What is needed is an exact reproduction of the listing, without its pictures.

DATA BLOCK:
########################################

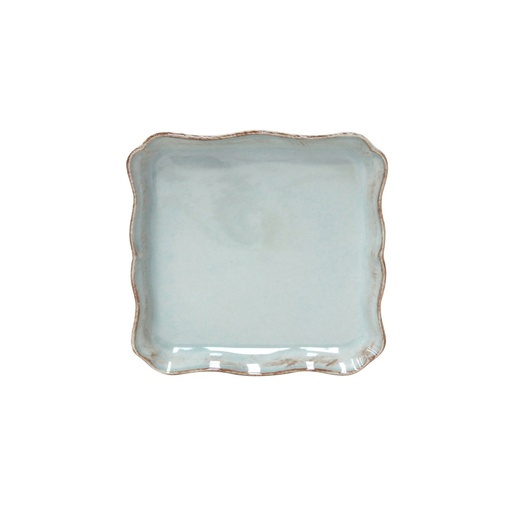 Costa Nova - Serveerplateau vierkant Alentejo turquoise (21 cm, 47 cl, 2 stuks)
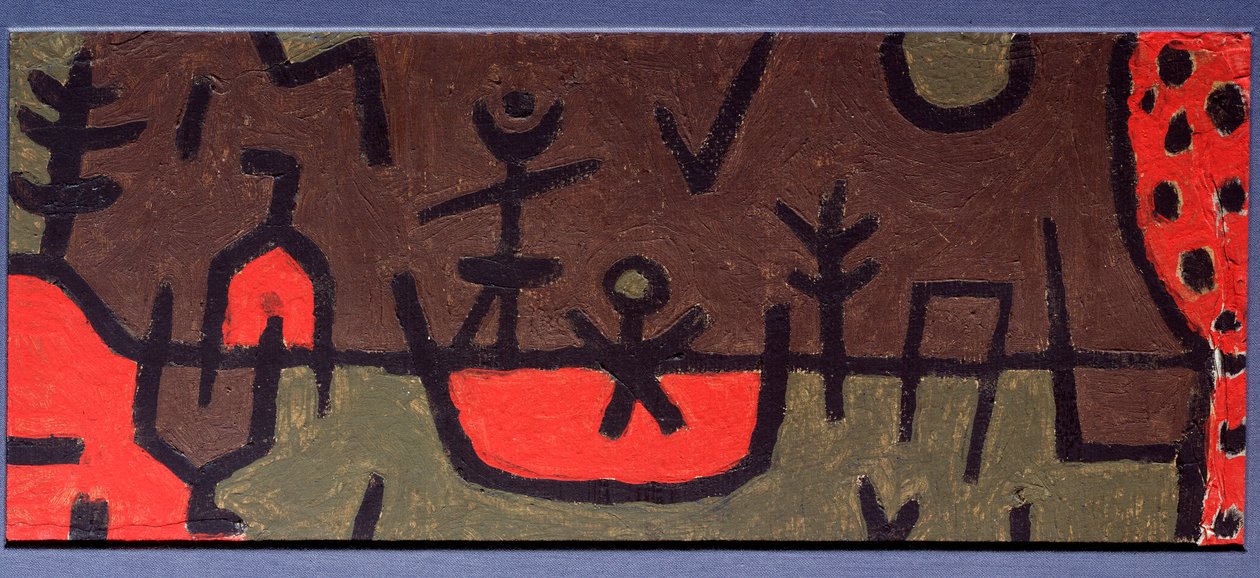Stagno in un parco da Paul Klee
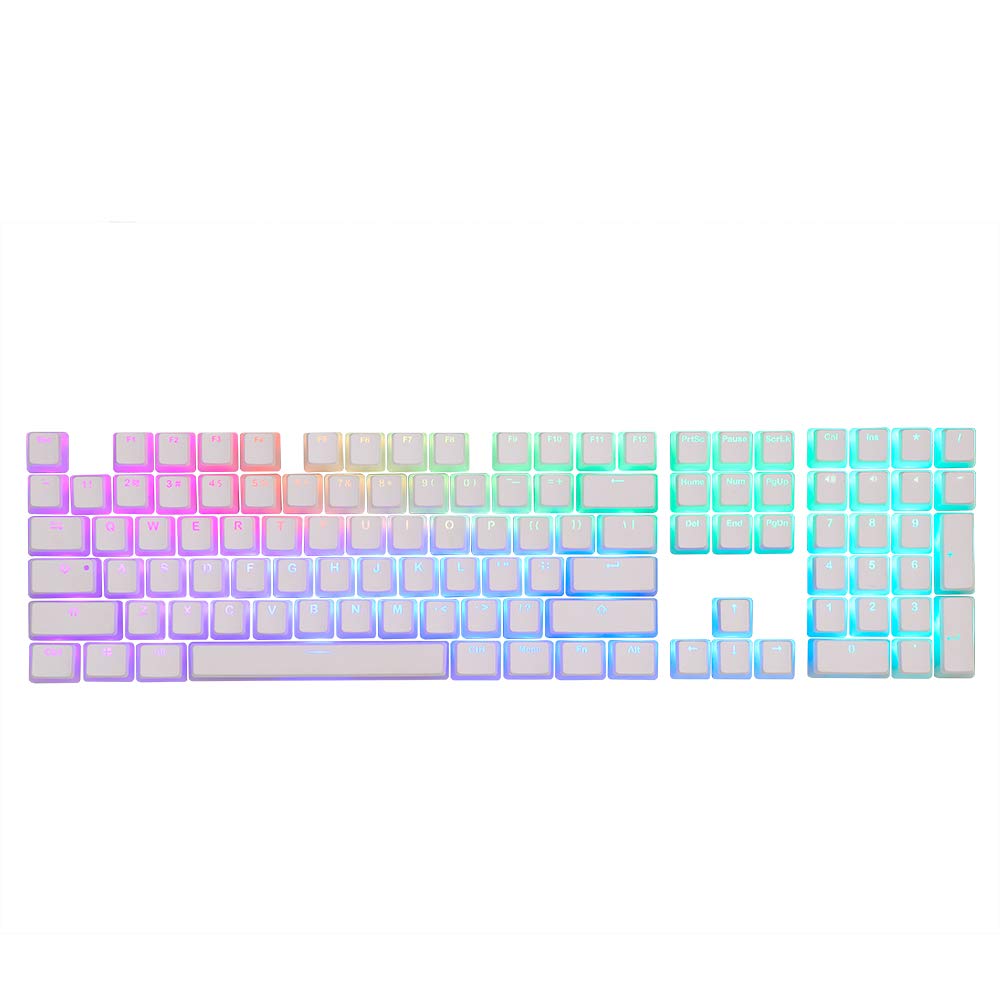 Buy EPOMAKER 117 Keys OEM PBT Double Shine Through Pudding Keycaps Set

########################################

RESPONSE TO THIS TASK:
 Costa Nova - Serveerplateau vierkant Alentejo turquoise (21 cm, 47 cl, 2 stuks)
Stagno in un parco da Paul Klee
 Buy EPOMAKER 117 Keys OEM PBT Double Shine Through Pudding Keycaps Set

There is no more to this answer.